8 Curators Share Insights on the Artists of the Project Healthy Minds Benefit Auction

Artsy Editorial
Mar 15, 2022 7:28PM

This month, Artsy has teamed up with a cohort of prominent international curators to host “Impact: Project Healthy Minds,” a benefit auction to support Project Healthy Minds, the nonprofit that works to destigmatize mental health and expand access to mental health care. Each curator personally invited artists to participate, and the resulting sale features a dynamic group of emerging and midcareer talents, including Lucia Hierro, Hank Willis Thomas, Bea Bonafini, Tizta Berhanu, and many more.


The featured works—which include some pieces created specially for the auction, and range from photography and prints to painting and textiles—speak to Project Healthy Minds’s mission. “Art has the power to be transformative,” said Phil Schermer, founder of Project Healthy Minds. “It provides a lens through which we can interpret complicated ideas and express deep emotions. It can be calming yet energizing; complex yet simple. With art, we can teach and we can learn; we can be delighted and provoked. Often, when we pull back the curtain, we discover that behind some of the most powerful art in the world is a deeply emotional mental health back story.”

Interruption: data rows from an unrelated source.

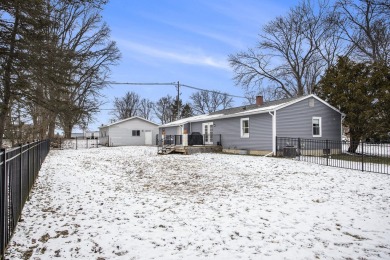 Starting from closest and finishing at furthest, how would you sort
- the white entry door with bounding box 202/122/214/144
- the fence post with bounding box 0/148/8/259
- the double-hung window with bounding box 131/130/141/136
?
the fence post with bounding box 0/148/8/259, the white entry door with bounding box 202/122/214/144, the double-hung window with bounding box 131/130/141/136

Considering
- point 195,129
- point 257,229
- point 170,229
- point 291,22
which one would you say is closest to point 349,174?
point 257,229

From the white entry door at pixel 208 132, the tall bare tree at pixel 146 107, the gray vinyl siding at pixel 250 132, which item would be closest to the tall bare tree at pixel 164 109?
the tall bare tree at pixel 146 107

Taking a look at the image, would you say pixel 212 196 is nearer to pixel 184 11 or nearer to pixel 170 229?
pixel 170 229

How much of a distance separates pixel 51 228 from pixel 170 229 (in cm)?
224

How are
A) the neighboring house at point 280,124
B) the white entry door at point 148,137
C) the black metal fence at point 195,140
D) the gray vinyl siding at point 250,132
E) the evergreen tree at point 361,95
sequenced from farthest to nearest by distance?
the white entry door at point 148,137 → the black metal fence at point 195,140 → the evergreen tree at point 361,95 → the gray vinyl siding at point 250,132 → the neighboring house at point 280,124

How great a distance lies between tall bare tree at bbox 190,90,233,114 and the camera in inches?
2667

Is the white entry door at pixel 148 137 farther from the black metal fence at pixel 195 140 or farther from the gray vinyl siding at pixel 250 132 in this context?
the gray vinyl siding at pixel 250 132

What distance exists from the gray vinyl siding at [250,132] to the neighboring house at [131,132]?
1658cm

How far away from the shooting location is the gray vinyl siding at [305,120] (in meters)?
18.7

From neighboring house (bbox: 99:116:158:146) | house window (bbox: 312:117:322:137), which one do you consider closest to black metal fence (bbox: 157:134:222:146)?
house window (bbox: 312:117:322:137)

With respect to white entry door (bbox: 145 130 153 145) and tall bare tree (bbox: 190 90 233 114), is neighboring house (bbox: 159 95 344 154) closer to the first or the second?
white entry door (bbox: 145 130 153 145)

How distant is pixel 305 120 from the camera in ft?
64.6

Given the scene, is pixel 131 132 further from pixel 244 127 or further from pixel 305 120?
pixel 305 120

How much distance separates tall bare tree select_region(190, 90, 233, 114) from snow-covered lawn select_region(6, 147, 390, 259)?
57494 mm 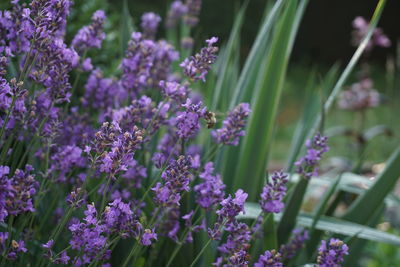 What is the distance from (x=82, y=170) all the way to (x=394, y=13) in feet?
31.4

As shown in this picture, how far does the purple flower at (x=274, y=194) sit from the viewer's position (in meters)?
1.45

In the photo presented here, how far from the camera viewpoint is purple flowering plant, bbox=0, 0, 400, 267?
126cm

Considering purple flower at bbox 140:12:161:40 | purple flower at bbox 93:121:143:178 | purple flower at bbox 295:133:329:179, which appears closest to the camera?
purple flower at bbox 93:121:143:178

Here, the curators—Aindrea Emelife, Claudia Cheng, Hall W. Rockefeller, Marine Tanguy, Mollie Barnes, Samantha Coven Ehrlich, Storm Ascher, and Susanna Gold—share their insights on the featured artists and their works.

Aindrea Emelife

Independent curator

Alia Ali looks at how textiles express our inner selves. She posits the idea of textiles as a language, whilst also exploring the notion and power of seeing and being seen, taking on many meanings pertaining to the gaze, social culture, and politics. She seeks to highlight those who have been made invisible so we can understand the power that being seen truly holds. Ali is authentic—she collaborates with each community’s most experienced, nuanced, and creative communicators. She is a storyteller using the subjects’ own visual language—themselves and their dress. She gives agency to the personal and the political, the internal and the external.

Claudia Cheng

Art advisor and curator

Tizta Berhanu

Overlapped (2020) by Tizta Berhanu invites the viewer into moments of tenderness and intimacy, making the emotions we crave tangible in her work. Flooded with primary colors, her paintings ebb and flow in a subtle balance of vibrant opacity and dreamlike, transparent washes. The physical entanglement of bodies and limbs in her compositions strikes a chord of particular poignancy in a world of prolonged isolation.

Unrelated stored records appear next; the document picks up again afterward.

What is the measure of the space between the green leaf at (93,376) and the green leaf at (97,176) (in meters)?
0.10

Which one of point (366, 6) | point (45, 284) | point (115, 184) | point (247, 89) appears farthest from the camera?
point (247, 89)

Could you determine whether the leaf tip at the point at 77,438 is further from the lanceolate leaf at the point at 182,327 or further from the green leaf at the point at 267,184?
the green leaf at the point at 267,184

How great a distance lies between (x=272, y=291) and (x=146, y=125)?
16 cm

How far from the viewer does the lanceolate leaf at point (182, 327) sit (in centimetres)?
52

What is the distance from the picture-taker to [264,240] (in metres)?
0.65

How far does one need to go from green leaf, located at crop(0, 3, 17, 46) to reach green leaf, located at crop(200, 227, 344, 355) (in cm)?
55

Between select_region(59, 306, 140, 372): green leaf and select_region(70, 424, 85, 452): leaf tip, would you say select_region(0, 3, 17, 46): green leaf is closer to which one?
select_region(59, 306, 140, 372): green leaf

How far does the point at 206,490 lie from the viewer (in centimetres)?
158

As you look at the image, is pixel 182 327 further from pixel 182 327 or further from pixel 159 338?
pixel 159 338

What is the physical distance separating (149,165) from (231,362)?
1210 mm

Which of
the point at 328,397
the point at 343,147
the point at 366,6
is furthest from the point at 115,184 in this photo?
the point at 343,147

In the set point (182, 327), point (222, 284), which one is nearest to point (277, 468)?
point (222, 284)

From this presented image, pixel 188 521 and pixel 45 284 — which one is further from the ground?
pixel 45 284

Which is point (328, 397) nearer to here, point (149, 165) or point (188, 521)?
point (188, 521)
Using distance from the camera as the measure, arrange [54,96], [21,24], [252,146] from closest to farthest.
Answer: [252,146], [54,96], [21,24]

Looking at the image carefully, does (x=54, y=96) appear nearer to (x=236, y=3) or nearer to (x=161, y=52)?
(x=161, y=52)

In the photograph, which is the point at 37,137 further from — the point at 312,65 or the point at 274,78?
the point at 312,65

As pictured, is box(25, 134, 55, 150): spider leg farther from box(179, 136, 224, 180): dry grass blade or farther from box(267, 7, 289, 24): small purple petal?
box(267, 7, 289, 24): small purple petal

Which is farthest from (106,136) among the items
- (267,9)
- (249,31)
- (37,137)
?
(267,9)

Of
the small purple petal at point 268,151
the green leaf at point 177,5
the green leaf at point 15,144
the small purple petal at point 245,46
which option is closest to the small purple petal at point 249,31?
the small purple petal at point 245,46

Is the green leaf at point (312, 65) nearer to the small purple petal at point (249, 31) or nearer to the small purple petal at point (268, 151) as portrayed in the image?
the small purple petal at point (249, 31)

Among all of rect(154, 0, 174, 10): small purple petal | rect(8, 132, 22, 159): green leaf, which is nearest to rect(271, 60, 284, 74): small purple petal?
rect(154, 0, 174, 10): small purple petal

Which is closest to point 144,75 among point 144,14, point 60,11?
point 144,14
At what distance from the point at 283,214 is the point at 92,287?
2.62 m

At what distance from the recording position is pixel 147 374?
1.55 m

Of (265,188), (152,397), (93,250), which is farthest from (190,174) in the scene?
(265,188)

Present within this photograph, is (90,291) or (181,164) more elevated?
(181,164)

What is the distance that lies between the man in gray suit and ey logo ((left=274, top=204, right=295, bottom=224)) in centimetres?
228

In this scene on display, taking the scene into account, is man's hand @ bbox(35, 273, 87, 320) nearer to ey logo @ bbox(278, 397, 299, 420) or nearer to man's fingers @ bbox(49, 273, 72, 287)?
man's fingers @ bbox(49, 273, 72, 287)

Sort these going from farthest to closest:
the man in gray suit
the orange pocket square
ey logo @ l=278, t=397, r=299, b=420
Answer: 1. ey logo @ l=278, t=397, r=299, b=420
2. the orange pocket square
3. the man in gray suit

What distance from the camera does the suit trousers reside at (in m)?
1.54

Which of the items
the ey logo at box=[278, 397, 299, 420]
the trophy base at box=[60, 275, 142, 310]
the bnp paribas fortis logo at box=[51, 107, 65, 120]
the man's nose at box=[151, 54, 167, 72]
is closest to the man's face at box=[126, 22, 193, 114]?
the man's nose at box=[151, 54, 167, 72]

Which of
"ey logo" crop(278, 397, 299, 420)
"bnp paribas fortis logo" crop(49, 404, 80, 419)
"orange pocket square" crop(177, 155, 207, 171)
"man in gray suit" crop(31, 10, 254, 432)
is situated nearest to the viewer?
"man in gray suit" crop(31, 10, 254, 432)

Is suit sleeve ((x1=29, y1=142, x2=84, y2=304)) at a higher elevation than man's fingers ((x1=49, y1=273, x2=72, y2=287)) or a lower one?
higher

Cecilia Granara’s work creates a liminal space that allows the viewer to sift through emotions, be conscious of bodily sensations, and repose in peaceful meditation. The artist created Relief (2021) specifically for this benefit auction to support Project Healthy Minds. Relief is inspired by the artist’s experience with Reiki, a healing practice in which the healer hovers hands over the body to sense where there is pain or tension to be released. The work’s psychedelic hues of salmon pink and cerulean blue are colors that are at once comforting and voluptuously alive.

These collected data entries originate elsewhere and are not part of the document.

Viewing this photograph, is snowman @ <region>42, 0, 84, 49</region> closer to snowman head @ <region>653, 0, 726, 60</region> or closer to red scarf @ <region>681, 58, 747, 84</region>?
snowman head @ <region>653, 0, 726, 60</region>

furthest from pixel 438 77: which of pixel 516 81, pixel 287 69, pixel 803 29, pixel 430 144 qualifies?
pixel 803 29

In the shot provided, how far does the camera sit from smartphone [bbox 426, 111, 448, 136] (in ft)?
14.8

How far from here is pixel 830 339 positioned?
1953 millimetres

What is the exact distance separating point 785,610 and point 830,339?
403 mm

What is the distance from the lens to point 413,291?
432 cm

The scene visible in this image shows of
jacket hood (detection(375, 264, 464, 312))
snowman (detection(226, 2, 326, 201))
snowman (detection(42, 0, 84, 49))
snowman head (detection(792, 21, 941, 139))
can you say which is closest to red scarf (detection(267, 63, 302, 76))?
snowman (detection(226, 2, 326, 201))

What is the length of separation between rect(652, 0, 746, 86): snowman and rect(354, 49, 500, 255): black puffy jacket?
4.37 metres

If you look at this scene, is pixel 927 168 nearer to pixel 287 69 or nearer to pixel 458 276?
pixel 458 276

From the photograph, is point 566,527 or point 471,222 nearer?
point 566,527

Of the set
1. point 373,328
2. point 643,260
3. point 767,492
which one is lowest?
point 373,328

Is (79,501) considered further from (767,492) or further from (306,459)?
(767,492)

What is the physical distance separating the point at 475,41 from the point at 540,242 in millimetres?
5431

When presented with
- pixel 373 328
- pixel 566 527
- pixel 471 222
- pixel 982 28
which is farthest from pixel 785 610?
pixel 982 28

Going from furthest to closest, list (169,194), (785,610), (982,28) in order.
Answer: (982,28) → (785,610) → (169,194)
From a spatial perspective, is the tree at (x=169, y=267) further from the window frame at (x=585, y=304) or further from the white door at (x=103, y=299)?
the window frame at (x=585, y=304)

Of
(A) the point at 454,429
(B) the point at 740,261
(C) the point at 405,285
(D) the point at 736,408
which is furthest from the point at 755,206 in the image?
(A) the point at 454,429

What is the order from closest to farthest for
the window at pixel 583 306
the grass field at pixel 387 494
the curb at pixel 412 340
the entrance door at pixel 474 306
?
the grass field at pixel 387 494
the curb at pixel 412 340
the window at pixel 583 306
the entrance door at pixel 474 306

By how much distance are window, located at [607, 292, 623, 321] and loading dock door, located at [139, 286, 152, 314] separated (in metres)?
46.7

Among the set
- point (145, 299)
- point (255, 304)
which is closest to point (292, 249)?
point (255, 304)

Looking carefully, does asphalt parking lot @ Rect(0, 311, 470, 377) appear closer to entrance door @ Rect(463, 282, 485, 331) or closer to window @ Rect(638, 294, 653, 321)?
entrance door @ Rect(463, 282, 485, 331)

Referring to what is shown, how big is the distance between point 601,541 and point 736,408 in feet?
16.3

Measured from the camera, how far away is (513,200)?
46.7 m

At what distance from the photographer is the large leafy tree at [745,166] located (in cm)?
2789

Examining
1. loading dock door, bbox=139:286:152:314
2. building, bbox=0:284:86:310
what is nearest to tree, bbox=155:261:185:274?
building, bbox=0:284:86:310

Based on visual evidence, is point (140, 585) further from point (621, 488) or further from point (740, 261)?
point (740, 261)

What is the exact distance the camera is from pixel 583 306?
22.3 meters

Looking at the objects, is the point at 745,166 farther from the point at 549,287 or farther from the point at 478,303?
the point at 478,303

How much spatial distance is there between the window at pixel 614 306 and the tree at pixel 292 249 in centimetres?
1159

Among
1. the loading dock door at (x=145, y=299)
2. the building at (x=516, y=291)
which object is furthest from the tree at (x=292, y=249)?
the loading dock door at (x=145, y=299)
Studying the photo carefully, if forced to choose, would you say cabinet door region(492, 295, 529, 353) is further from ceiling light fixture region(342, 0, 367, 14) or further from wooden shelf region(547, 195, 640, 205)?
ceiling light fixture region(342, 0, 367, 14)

Chantal Joffe’s female figures poignantly capture the essence of a moment or a psychological state. Full of raw emotion and alluding to self-reflection, her sculpture Self-Portrait (2020), was made in March 2020, speaking to the artist’s yearning for release from confinement and a hopefulness looking forward.

Jordan Ann Craig

Painter Jordan Ann Craig’s monumental, repeating geometries, which draw from the colors of the American West, feel contemporary and timeless at once. Marrying the bead and textile patterns of her Cheyenne heritage with the austere story of modernism, her paintings lend warmth and humanity to the cold remove of minimalism.

Shenequa’s layered, densely fashioned works draw from her childhood spent in an aunt’s beauty salon, where the braids, plaits, and knots in her elaborate weavings are expressions of the love and connection she found there. By using artificial hair, bobbi pins, and curlers, Shenequa elegantly draws a line between the Black women who come together to do their hair with the women who have communed across centuries to make textiles.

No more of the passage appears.